Cache Refill/Access Decoupling for Vector Machines

  • Authors:
  • Christopher Batten;Ronny Krashinsky;Steve Gerding;Krste Asanovic

  • Affiliations:
  • MIT Computer Science and Artificial Intelligence Laboratory, Cambridge, MA;MIT Computer Science and Artificial Intelligence Laboratory, Cambridge, MA;MIT Computer Science and Artificial Intelligence Laboratory, Cambridge, MA;MIT Computer Science and Artificial Intelligence Laboratory, Cambridge, MA

  • Venue:
  • Proceedings of the 37th annual IEEE/ACM International Symposium on Microarchitecture
  • Year:
  • 2004

Quantified Score

Hi-index 0.00

Visualization

Abstract

Vector processors often use a cache to exploit temporal locality and reduce memory bandwidth demands, but then require expensive logic to track large numbers of outstanding cache misses to sustain peak bandwidth from memory. We present refill/access decoupling, which augments the vector processor with a Vector Refill Unit (VRU) to quickly pre-execute vector memory commands and issue any needed cache line refills ahead of regular execution. The VRU reduces costs by eliminating much of the outstanding miss state required in traditional vector architectures and by using the cache itself as a cost-effective prefetch buffer.
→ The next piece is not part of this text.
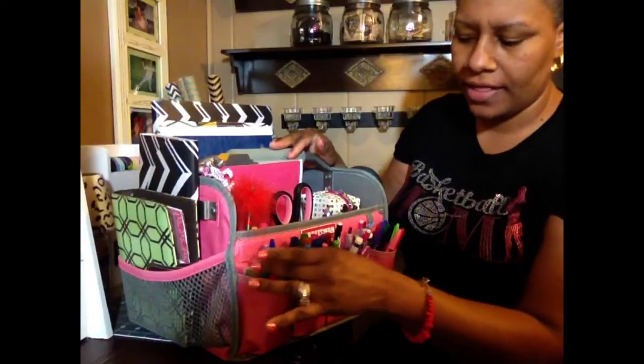Hello everybody, this is Nicole with HelpMomRemote.com and today I'll be sharing with you what's in my Craftsman tote.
We also introduce vector segment accesses, a new class of vector memory instructions that efficiently encode two-dimensional access patterns. Segments reduce address bandwidth demands and enable more efficient refill/access decoupling by increasing the information contained in each vector memory command. Our results show that refill/access decoupling is able to achieve better performance with less resources than more traditional decoupling methods. Even with a small cache and memory latencies as long as 800 cycles, refill/access decoupling can sustain several kilobytes of in-flight data with minimal access management state and no need for expensive reserved element buffering.